Activity: Repeat what the lines below say, word for word, and skip every image.

The data:
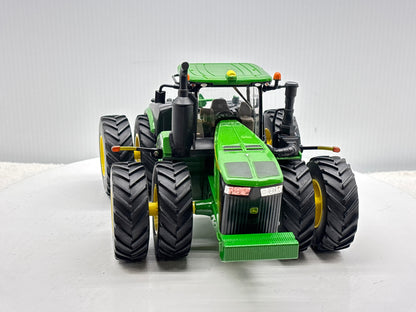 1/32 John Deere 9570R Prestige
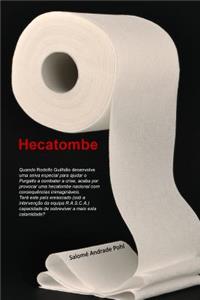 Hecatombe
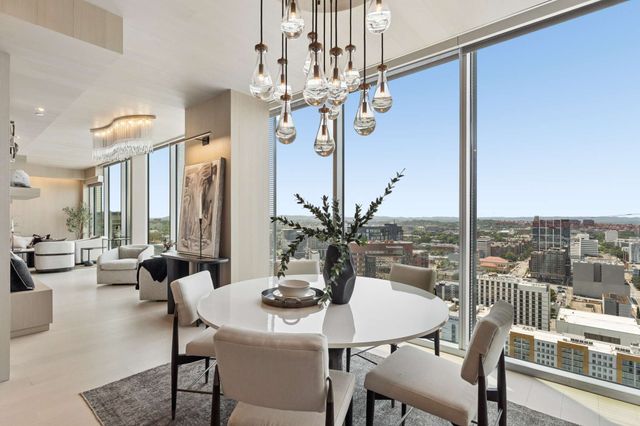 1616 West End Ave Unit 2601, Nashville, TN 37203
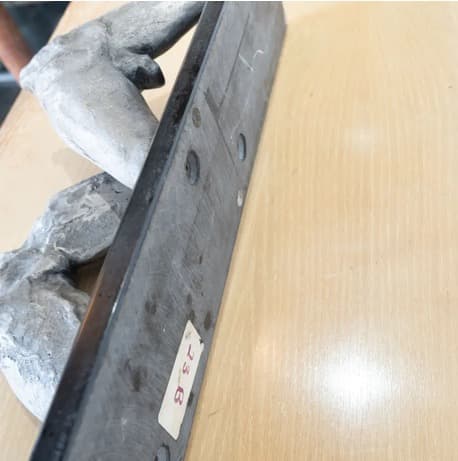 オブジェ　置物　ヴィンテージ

Answer below:
 1/32 John Deere 9570R Prestige
 Hecatombe
 1616 West End Ave Unit 2601, Nashville, TN 37203
 オブジェ　置物　ヴィンテージ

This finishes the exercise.